Colours of white dwarfs are taken from synthetic photometry provided by models of Holberg and Bergeron (2006), which allows to compute V and V-I. The computation of colours in the Gaia bands is performed using the suitable stellar librairies (Sect. 2.2.5).

White dwarf density laws are the same as for other spectral types of a given age.
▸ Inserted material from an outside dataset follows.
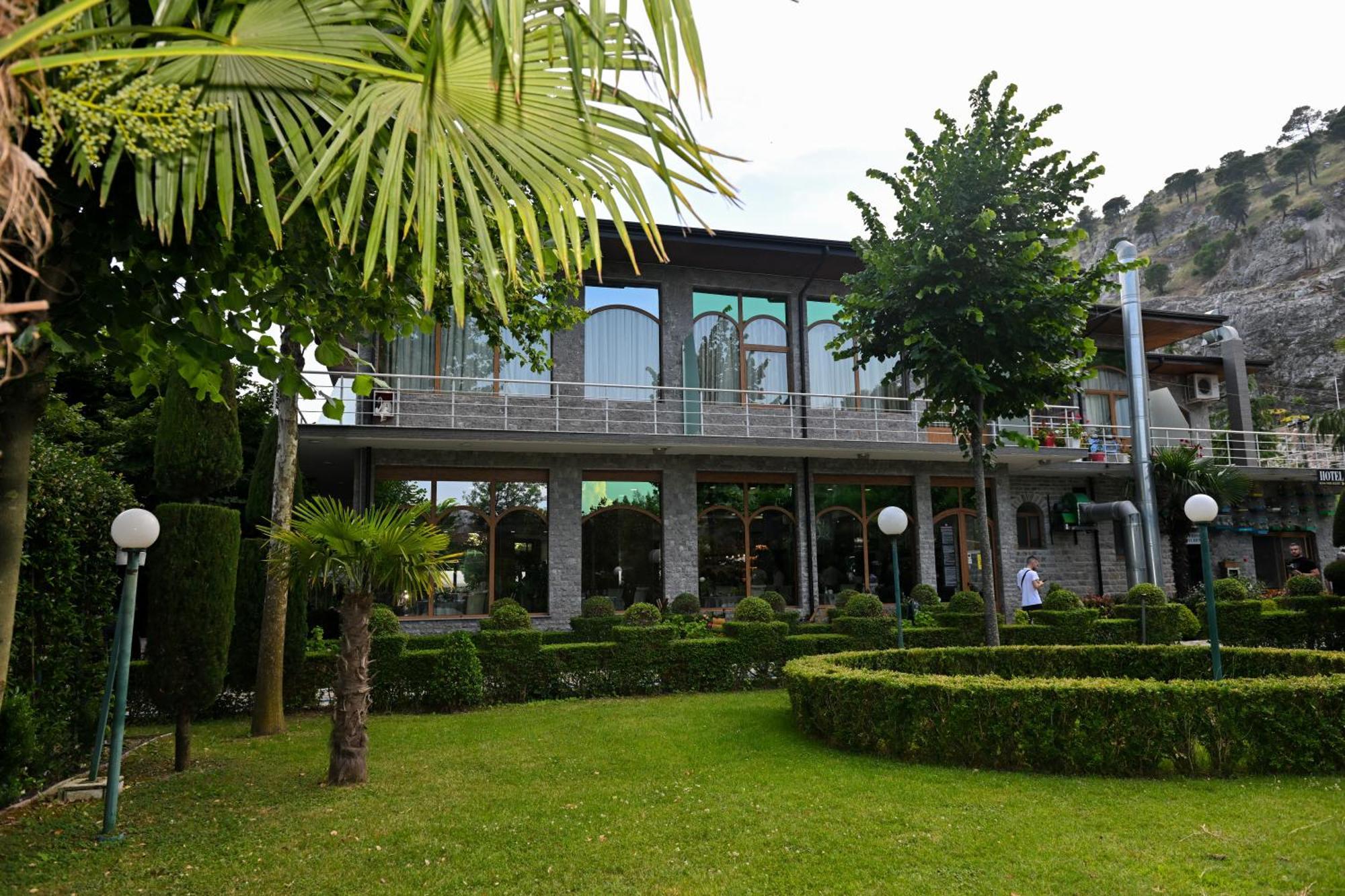 Buna Park Hotel Шкодер Экстерьер фото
## Pre-main sequence stars

Pre-main sequence stars are generated using evolutionary tracks from Valls-Gabaud, Pichon, et al (in prep.). They have been produced using the code of stellar evolution CESAM for masses between 0.7 and 3 solar masses. The volume density along the tracks have been computed with a constant star formation rate.

## Rare objects

For the needs of the simulator, some rare objects have been added to the BGM Hess diagram.

### Be stars

Be stars are simulated as a proportion of 29% of O7-B4 stars, 20% of B5-B7 stars and 3% of B8-B9 stars (Jaschek et al. 1988; Zorec and Briot 1997). They are attributed a parameter linked with the line strength in order to attribute them a spectrum from the spectral library (see Sect. 2.2.5). This parameter is the ratio between the envelope radius and the stellar radius ($R\_env/R\_star$). In order to simulate the variation of the emission lines with time this parameter is set randomly between 1.2 and 6.9 at any time.

### Peculiar metallicity stars

Two types of peculiar metallicity stars are simulated, following Kurtz (1982); Kochukhov (2007); Stift and Alecian (2009).

• Am: 12% of A stars on the main sequence in the Teff range 7400 K - 10200 K are set to be Am stars. 70% of these Am stars belong to a binary system with period from 2.5 to 100 days. They are forced to be slow rotators : 67% have $vsini<$ 50  km s${}^{-1}$and 23% have $50 100  km s${}^{-1}$.

• Ap/Bp: 8% of A and B stars on the main sequence in the Teff range 8000 K - 15000 K are set to be Ap or Bp stars. They are forced to have a smaller rotation : $vsini<$ 120  km s${}^{-1}$.

### Wolf Rayet stars

Wolf Rayet (WR) densities are computed following the observed statistics from the VIIth catalogue of Galactic Wolf-Rayet stars of van der Hucht (2001). The local column density of WR stars is $2.9\times 10^{-6}$ pc${}^{-2}$ or volume density 2.37$\times 10^{-8}$ pc${}^{-3}$. Among them 50% are WN, 46% are WC and 3.6% are WO. The absolute magnitude, colours, effective temperature, gravity and mass have been estimated from the literature. The masses and effective temperature vary considerably from one author to another. As a conservative value, it is assumed that the WR stars have masses of 10  ${\cal M}_{\odot}$ in the mean, an absolute V magnitude of -4, a gravity of -0.5, and an effective temperature of 50,000K.